The Cobalt UI

Cobalt provides a graphical interface that lets you explore your data and the discovered failure groups visually. A UI representing a Workspace can be opened by running Workspace.ui in a cell. This will open the UI in the cell output. The UI looks like this:

initial_discover_screen

In Jupyter Lab, right-clicking in the output cell and choosing “Create New View for Output” in the context menu will create a new Jupyter Lab tab with only the Cobalt UI that can be moved as desired. This can be helpful to separate the UI from the notebook.

Landscape

landscape

The Landscape is a graphical representation of (a subset of) the CobaltDataset. Each node in the graph represents a group of data points, and edges are formed based on the similarity of those groups. This graph is multiscale: dragging the Coarseness slider will adjust the number of nodes in the graph (and hence the sizes of the groups of data points). Adjusting the Connectivity slider will control the number of edges in the graph, where edges are added roughly in order of the similarity of the groups they join. The landscape is constructed using the provided embeddings of the data points, not the raw columns.

If a model performance metric is available, the colors of the nodes of the landscape will correspond to that performance metric. Otherwise, if model predictions have been provided, the colors of the nodes of the landscape will, by default, correspond to those predictions.

Nodes in the landscape can be selected by double-clicking, or by using the lasso or box selection tools. Nodes may be added to the current selection by holding the Shift key while using the lasso or box tools. Holding the Alt or Option key will activate the lasso selection tool for as long as the key is held.

When nodes in the graph are selected, the corresponding data points will be displayed in the data table, and may be saved as a group.

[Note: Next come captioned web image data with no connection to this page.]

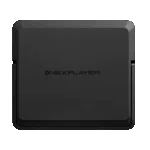 ONEXPLAYER-APEX-BATTERY-LISTING-DONE-01 A top-down view of a matte black, square electronic device featuring the "ONEXPLAYER" logo centered on the lid. The device has rounded corners, beveled edges, and a visible hinge mechanism on the left and right sides, suggesting it is a foldable or clamshell-style handheld gaming console or laptop accessory. The entire object is set against a solid black background.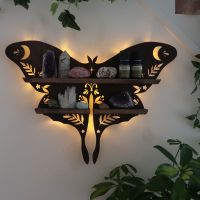 2022 Butterfly Wooden Luna Moth Lamp Crystal Shelf Wooden Luna Moth Lamp Crystal Shelf Living Room Rack Organizer Home Decor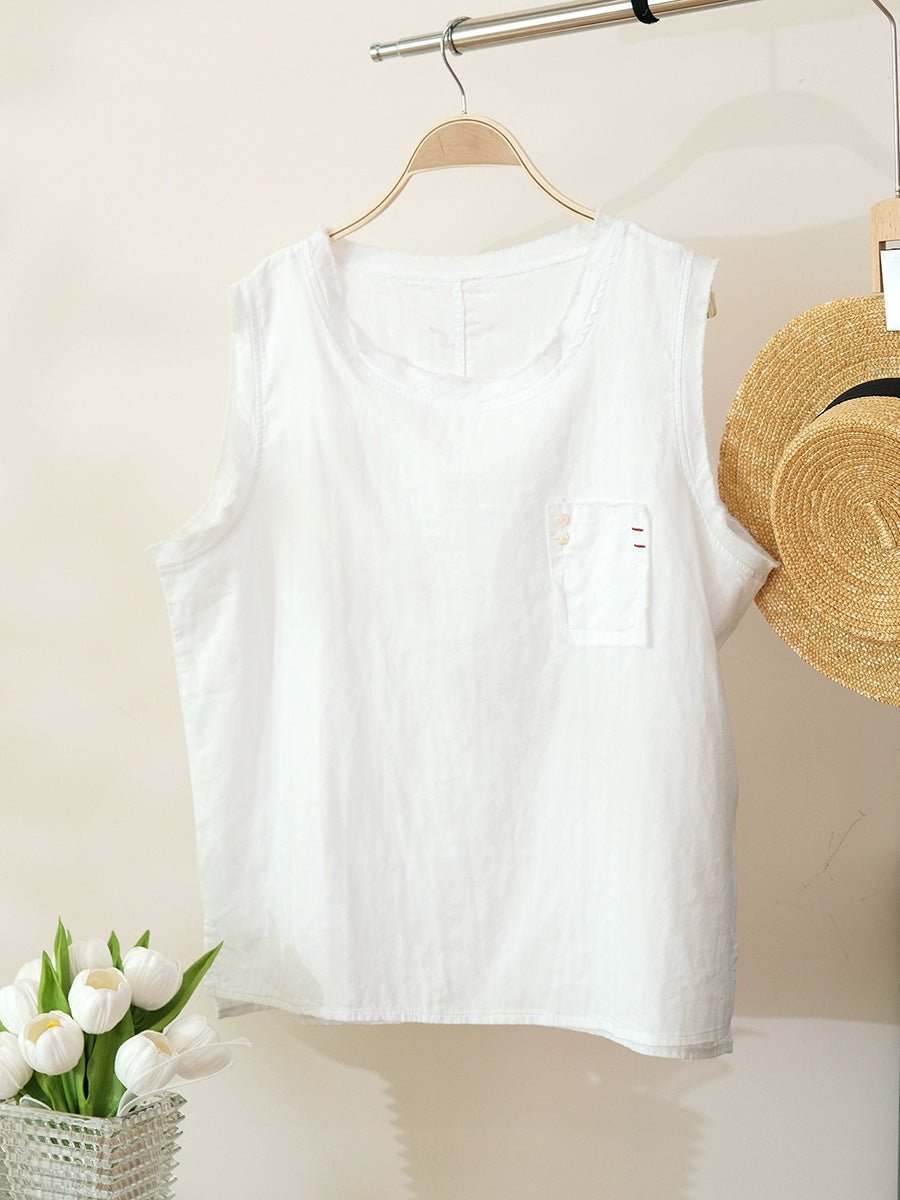 Women Summer Casual Pure Color O-Neck 100%Cotton Vest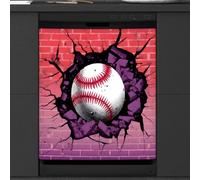 Mexpekil Copertura magnetica per lavastoviglie, motivo baseball bianco, pittura ad acquerello, copertura magnetica per lavastoviglie, 66 x 53 cm, copertura magnetica per cucina e lavastoviglie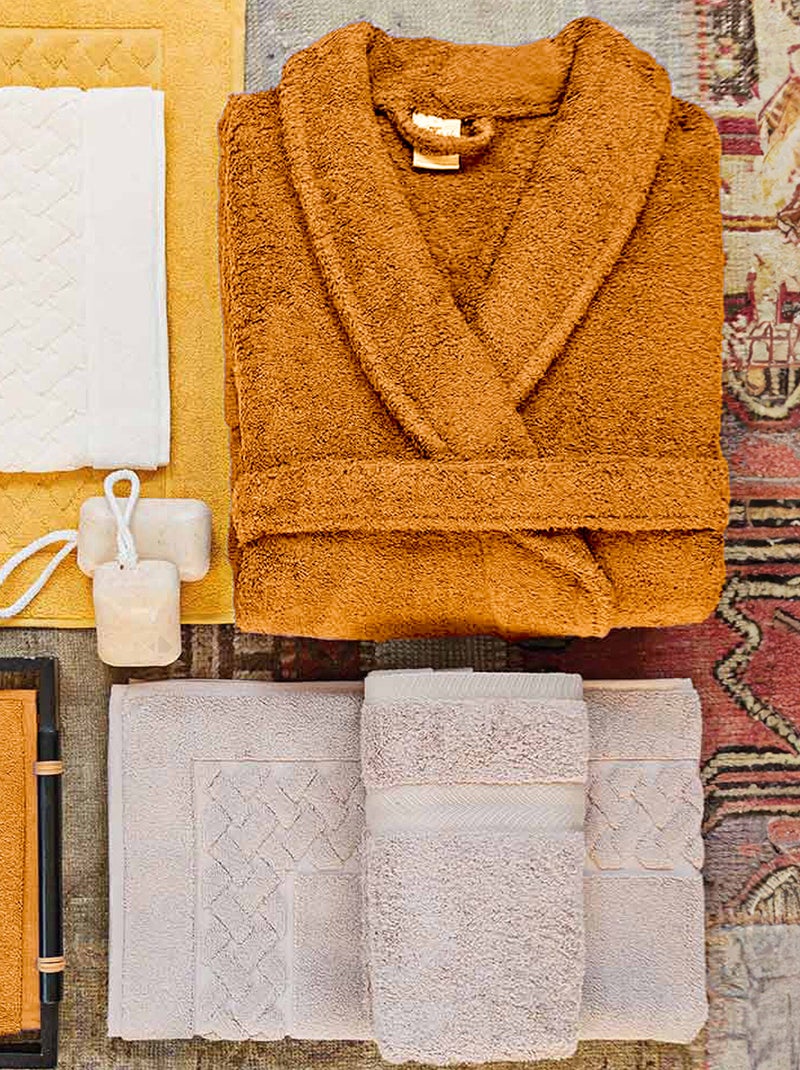 Peignoir coton ROYAL CRESENT col châle Jaune moutarde - Kiabi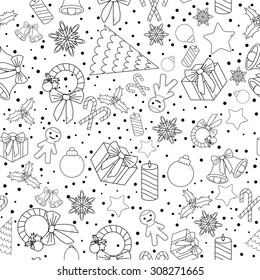 Christmas line icons seamless vector background. Seamless pattern can be used for wallpaper, pattern fills, web page background, surface textures. Gorgeous Christmas seamless  background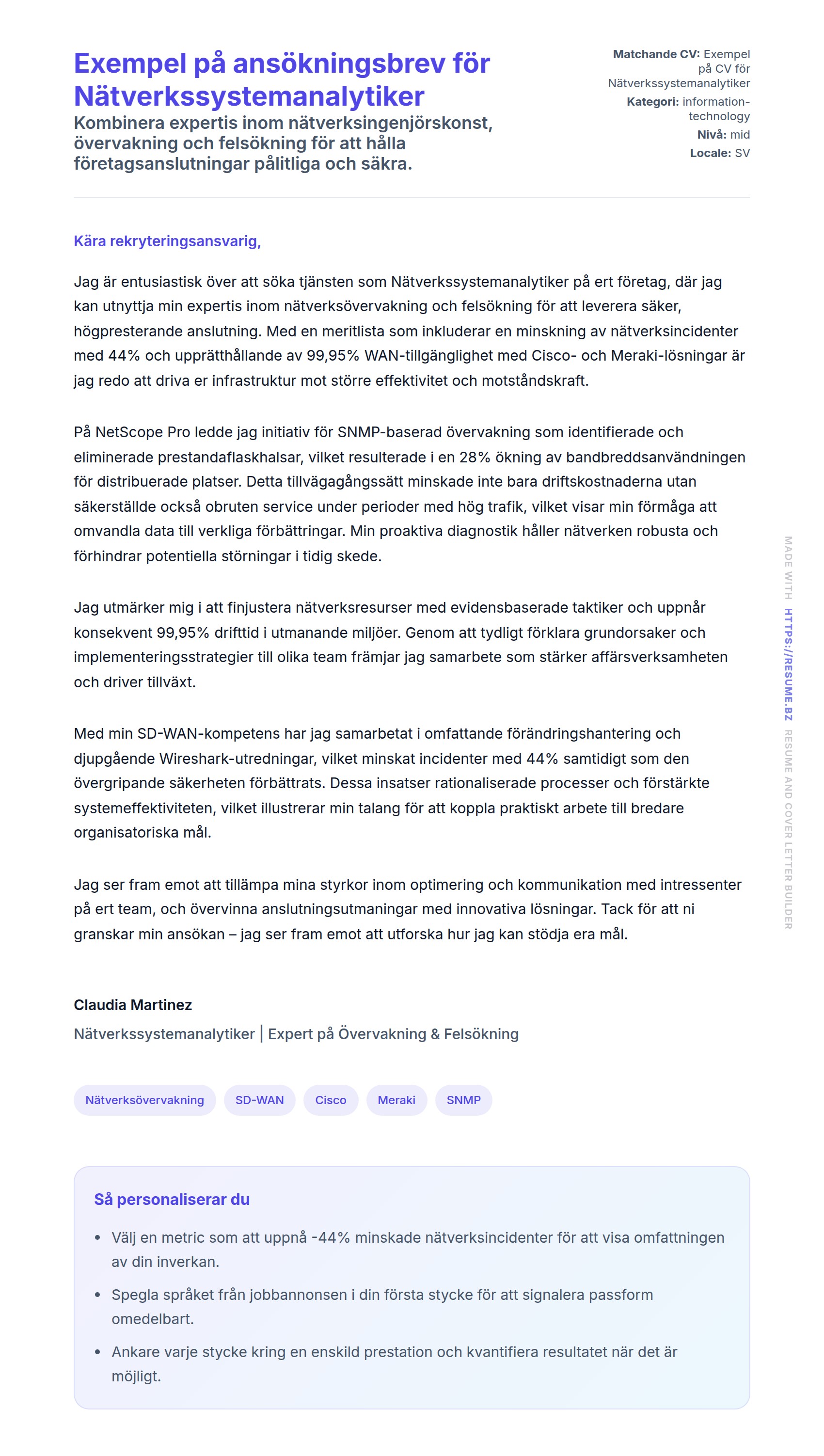 Förhandsgranskning av motivationsbrev för Exempel på ansökningsbrev för Nätverkssystemanalytiker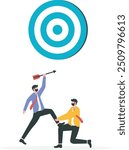 partners help allies reach the top of the goal. mentor or coaching to success in work, trusted partnership or team collaboration concept
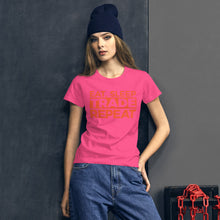 Load image into Gallery viewer, Eat, Sleep, Trade (Red) - Women's short sleeve t-shirt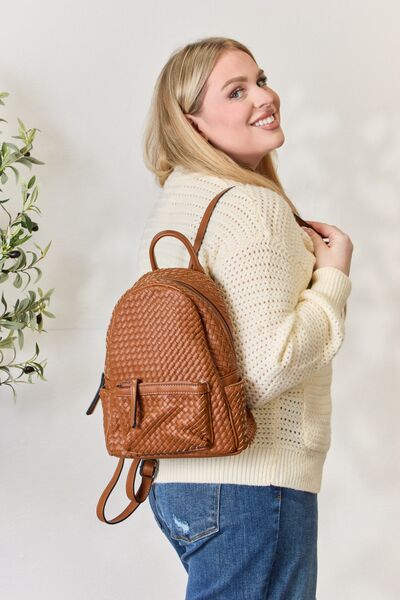 Bria PU Leather Woven Backpack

There may be more than one graph stored in the Workspace. If others have been created, the active graph can be changed by selecting a new one from the Visuals dropdown menu. A new graph can be created by clicking the button to the left of this dropdown.

create_new_graph

When creating a new graph, one or more of the subsets from the DatasetSplit, or any number of saved groups may be chosen to provide the source data using the Data source dropdown. Additionally, a number of data points to subsample from each of these splits may be specified; to keep the whole subset, specify a sample size larger than the subset. If there is more than one embedding for the data, the embedding to use to create the graph may be chosen here, as well as the distance metric to use to measure similarity between embedding vectors.

Coloring the Landscape

Every column in the provided dataset is available to color the nodes of the landscape. Since each node of the graph can correspond to more than one data point, there are a few subtleties that it’s helpful to be aware of.

color_menu

The color for each node is determined by taking the value of the selected column for each data point in the node and applying an appropriate aggregation function to get a single value for that node. In general, this means that for a numeric column, we take the mean value on each node, and for a categorical column, we take the most common value for each node. Hovering the mouse over a node will show a label which includes this aggregated value for the node.

hover_label_num hover_label_cat

There are a number of different color maps available; choosing a categorical color map like tab10 will also use the categorical aggregation function. If there are more categories than colors in the color map, checking the Repeat colors box will reuse the same color for more than one category.

Failure groups

group_list

The UI will display all autogroups from runs with visible=True. These are shown in a list to the right of the landscape. Clicking on a group will highlight the corresponding nodes in the graph and open a detail view.

failure_group_detail_1

This shows the error rate for the group, as well as two histograms: one of the true labels and one of the model outputs. Beneath these is a short summary of features that are distinctive for the group:

failure_group_detail_2

Saved groups

You can also select groups of data points in the landscape and save them. To do this, click the save group button save_group_button. This will open up a dialog where you can name the group.

group_create_dialog

Saved groups can be accessed using the get_groups() method on the Workspace object, which returns a dictionary of CobaltDataSubset objects.

Comparing groups

When you have selected a group from the list, you can also choose another group to compare it to using statistical tests. Choose the group you wish to compare to from the dropdown menu, and a pair of tables will appear.

numerical_group_comparison categorical_group_comparison

The first table shows the results of a set of t-tests, comparing the two specified groups, one for each numeric column in the dataset. These are not corrected for multiple comparisons, and should only be used as guidance in selecting features for further analysis. The “mean A” column is the mean of the first group, and the “mean B” column is the mean of the second group.

The second table shows the results of a set of G-tests comparing the groups, one for each column in the dataset that is tagged as categorical or that has at most 10 unique values. Again, these are not corrected for multiple comparisons, and should be taken as indicators of potentially useful features to look at more closely. The “mode” and “frequency” columns describe the first group’s mode and its frequency.

Data Table

data_table

The data table shows the rows corresponding to the selected data points. The displayed columns can be changed by selecting the desired columns in the dropdown at the top and clicking “Adjust Columns”. The table can also be filtered by the values of categorical columns, by first selecting the columns in the dropdown and then selecting the value for that column.